Für Bauern und Gärtner ist der Rapid ein fast unentbehrlicher Helfer im Gelände gewesen. Skoda hat sich des vertrauten Namens erinnert und nach langem Unterbruch wieder eine fünftürige Limousine mit dieser Bezeichnung auf den Markt gebracht.

Einige Vergleiche zwischen den Schwestermodellen von Skoda und VW hinken, doch die Akzeptanz beider Marken stellt den Marketingstrategen der Volkswagen-Gruppe gute Noten aus. Was der Golf und der Passat bei den Deutschen, sind der Octavia und der Superb bei den Tschechen, bei denen alles ein bisschen grösser und günstiger ist. Seit Kurzem nutzt Skoda auch Elemente der Polo-Plattform für eine eigene Baureihe. Als klassische Limousine klar positioniert zwischen dem Octavia und dem Fabia, hat der neue Skoda Rapid in der Schweiz eine kleinere Fangemeinde als seine populären Brüder. Eine genauere Prüfung wert ist er trotzdem. Die Topversion mit dem 1,4-Liter-Benzinmotor mit 122 PS und dem bewährten Sieben-Gang-Doppelkupplungsgetriebe erweist sich in der Ambition-Version für 25?150 Franken als souveräner Familienreisewagen mit vorzüglichen Platzverhältnissen. Das Basismodell gibt es aber schon für 17?490 Franken.

Bei Skoda ist der Rapid eine ebenso vertraute Grösse wie bei den Landmaschinen von Bucher. Zunächst einmal von 1935 bis 1947 und dann auch von 1984 bis 1990 sind in Tschechien Autos mit dieser Typenbezeichnung produziert worden. Im dritten Anlauf unter dem stabilen Konzerndach darf mit einem längeren Engagement gerechnet werden. Ein Hingucker ist der jüngste Spross der VW-Tochter aber beim besten Willen nicht, obwohl er die neue Designsprache des Herstellers zum Ausdruck bringen will. Ein Blender ist der brav gestylte Fünftürer auch nicht, aber er ist solide, gut verarbeitet und hat durchaus seine Qualitäten.

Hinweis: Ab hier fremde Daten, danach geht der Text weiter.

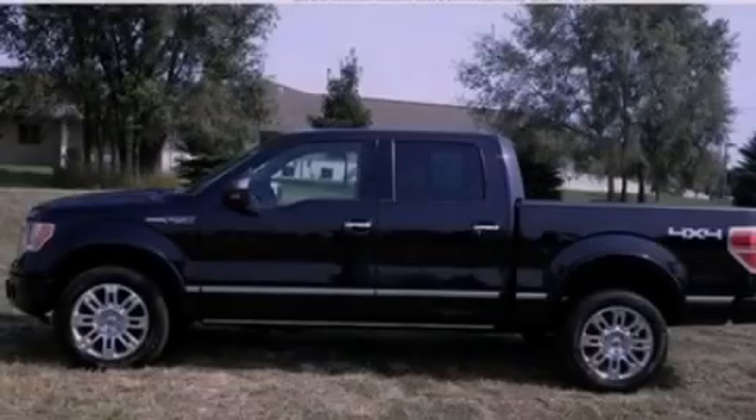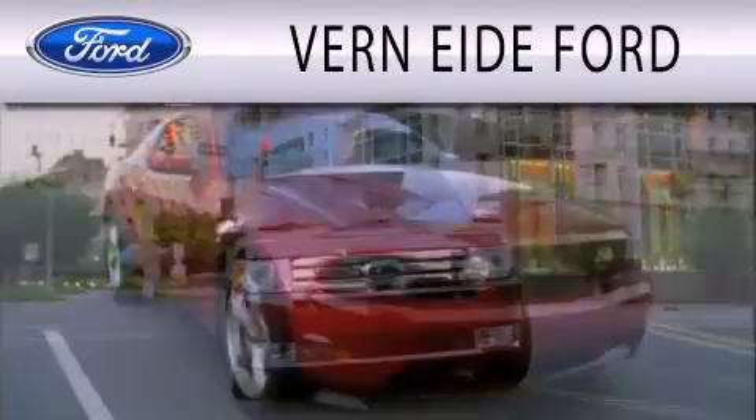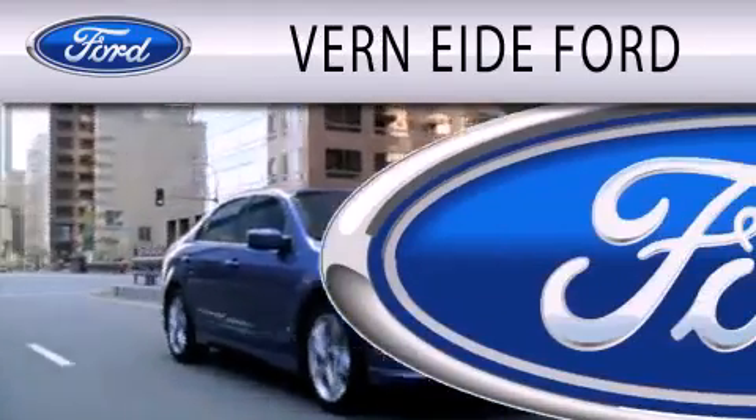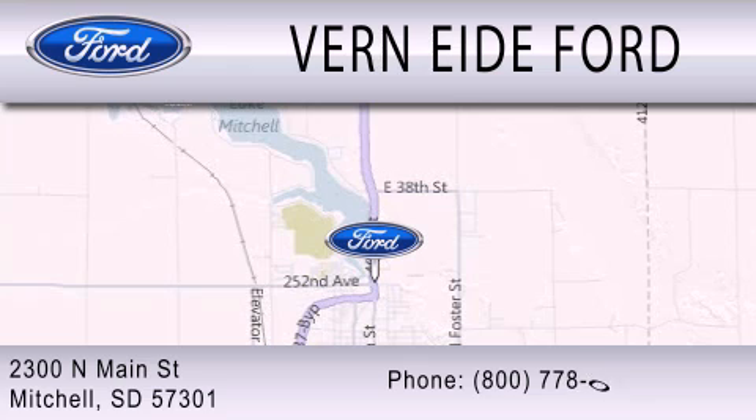Call or visit us right now and arrange your test drive today. Vernity Ford is dedicated to doing everything possible to ensure that the experience you have selecting your next vehicle is as pleasant as possible. We are located at 2300 North Main Street in Mitchell.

An erster Stelle gilt es das grosszügige Platzangebot zu erwähnen, das auf mehr als 4,5 Meter in der Länge und 1,7 Meter in der Breite schliessen lässt. Bequeme Vordersitze sind inzwischen fast überall die Regel, im Rapid geniessen auch gross gewachsene Passagiere im Fond viel Bein- und Kopffreiheit. Das Beste offenbart sich jedoch erst beim Öffnen der riesigen Kofferraumklappe. Das beeindruckende Ladevolumen von 550 Litern kann durch das einfache Umklappen der Rücksitzlehnen auf noch erstaunlichere 1490 Liter erhöht werden. So kann die Familienlimousine zu einem praktischen Lastesel umfunktioniert werden. Als einziger Nachteil erweist sich dabei die hohe Ladekante. Der Arbeitsplatz des Lenkers ist zweckmässig eingerichtet und je nach Ausstattung auf das Wesentliche beschränkt. Das Instrumentarium ist schnell vertraut, die Anzeigen sind gut einsehbar, die Lenkung des Fronttrieblers über jeden Zweifel erhaben. In der Ambition-Version sind die wichtigsten Features sowie pfiffige Details wie der Eiskratzer im Tankklappendeckel und der Abfallbehälter in der Seitentüre serienmässig. 2200 Franken günstiger ist die Basisausstattung Active, 1800 Franken mehr sind für die Topversion Elegance aufzubringen.

Dass der 1,4-Liter-Benzindirekteinspritzer als derzeit stärkste Motorisierung nur in Kombination mit Sieben-Gang-Doppelkupplungsgetriebe angeboten wird, erhöht den Fahrkomfort. Die Leistung von 122 PS macht den Rapid nicht zum Sprinter, genügt aber auch mit voller Beladung allen Ansprüchen. Mit knapp sechs Litern Benzin für 100 Kilometer muss jedoch kalkuliert werden. Bezüglich Ener­gie­­effizienz schneiden die zwei Benziner mit 86 und 105 PS und der Turbodiesel mit 105 PS besser ab. Eine Spur Temperament mehr kann aber nicht schaden. Das Fahrwerk ist gut dar­auf vorbereitet und garantiert ein unaufgeregtes und sicheres Vorankommen. Mit einer Landmaschine hat dieser Rapid definitiv nichts zu tun.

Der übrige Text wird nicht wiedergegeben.